Da konnte auf einmal das Entlein seine Flügel schwingen; sie brausten stärker als früher, und trugen es kräftig davon; und ehe dasselbe es recht wußte, befand es sich in einem großen Garten, wo die Aepfelbäume in der Blüthe standen, wo der Flieder duftete und seine langen, grünen Zweige bis zu den gekrümmten Kanälen hinunterneigte. O, hier war es so schön, so frühlingsfrisch! Und vorn aus dem Dickicht kamen drei prächtige, weiße Schwäne; sie brausten mit den Federn und schwammen so leicht auf dem Wasser. Das Entlein kannte die prächtigen Thiere und wurde von einer eigenthümlichen Traurigkeit befangen.
"Ich will zu ihnen hinfliegen, zu den königlichen Vögeln! Und sie werden mich todtschlagen, weil ich, der ich so häßlich bin, mich ihnen zu nähern wage. Aber das ist einerlei! Besser, von ihnen getödtet, als von den Enten gezwackt, von den Hühnern geschlagen, von dem Mädchen, welches den Hühnerhof hütet, gestoßen zu werden und im Winter Mangel zu leiden!" Und es flog hinaus in das Wasser und schwamm den prächtigen Schwänen entgegen; diese erblickten es und schossen mit brausenden Federn auf dasselbe los. "Tödtet mich nur!" sagte das arme Thier, neigte seinen Kopf der Wasserfläche zu und erwartete den Tod. - Aber was erblickte es in dem klaren Wasser? Es sah sein eigenes Bild unter sich, das kein plumper, schwarzgrauer Vogel mehr, häßlich und garstig, sondern selbst ein Schwan war.
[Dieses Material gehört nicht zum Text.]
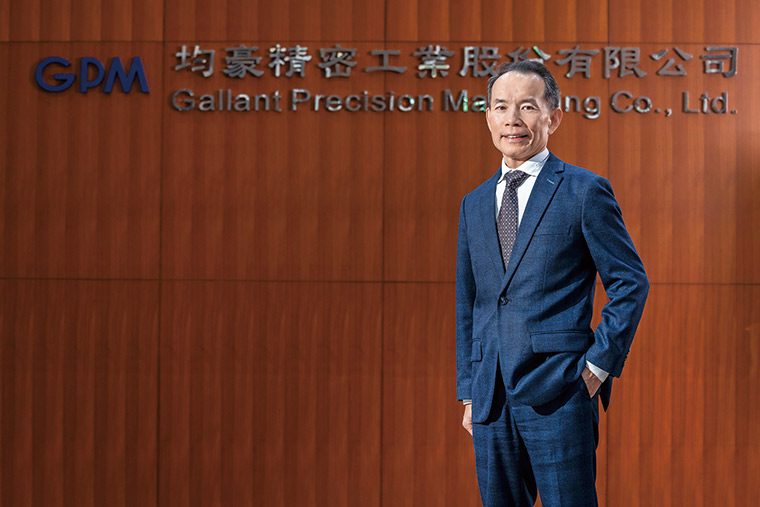 均豪董事長陳政興指出，針對現在當紅的面板級封裝（FOPLP），公司也 有相關設備在客戶端驗證中。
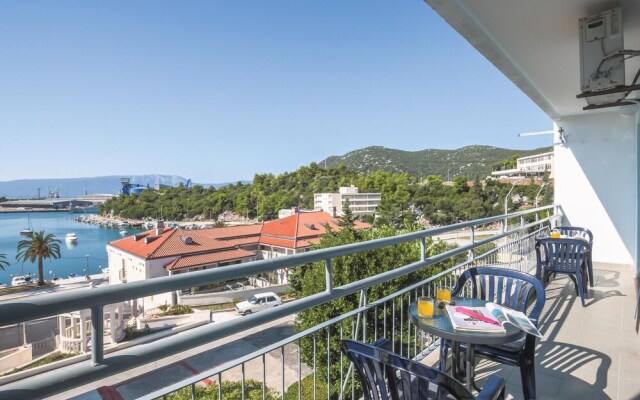Beautiful Home in Ploce With Wifi and 2 Bedrooms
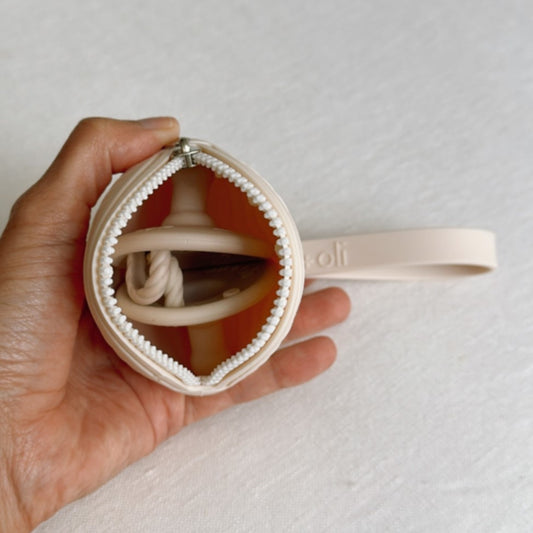Ali+Oli Pacifier Set Round (Taupe & Mist)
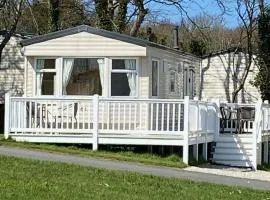 Cosy 2 bed pet friendly holiday home Crantock Nr Newquay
Es schadet nichts, in einem Entenhofe geboren zu sein, wenn man nur in einem Schwanenei gelegen hat!
Es fühlte sich ordentlich erfreut über all' die Noth und die Drangsale, welche es erduldet. Nun erkannte es erst recht sein Glück an all' der Herrlichkeit, die es begrüßte. - Und die großen Schwäne umschwammen es und streichelten es mit dem Schnabel.
In dem Garten kamen einige kleine Kinder, die warfen Brod und Korn in das Wasser; und das kleinste rief: "Da ist ein neuer!" Und die andern Kinder jubelten mit: "Ja, es ist ein neuer angekommen!" Und sie klatschten mit den Händen und tanzten umher, liefen zu dem Vater und der Mutter, und es wurde Brod und Kuchen in das Wasser geworfen, und sie sagten Alle: "Der neue ist der schönste! So jung und so prächtig!" Und die alten Schwäne neigten sich vor ihm.
Da fühlte er sich so beschämt und steckte den Kopf unter seine Flügel; er wußte selbst nicht, was er beginnen sollte; er war allzu glücklich, aber durchaus nicht stolz, denn ein gutes Herz wird nie stolz! Er dachte daran, wie er verfolgt und verhöhnt worden war und hörte nun Alle sagen, daß er der schönste aller schönen Vögel sei. Selbst der Flieder bog sich mit den Zweigen gerade zu ihm in das Wasser hinunter, und die Sonne schien so warm und so mild! Da brausten seine Federn, der schlanke Hals hob sich, und aus vollem Herzen jubelte er: "So viel Glück habe ich mir nicht träumen lassen, als ich noch das häßliche Entlein war!"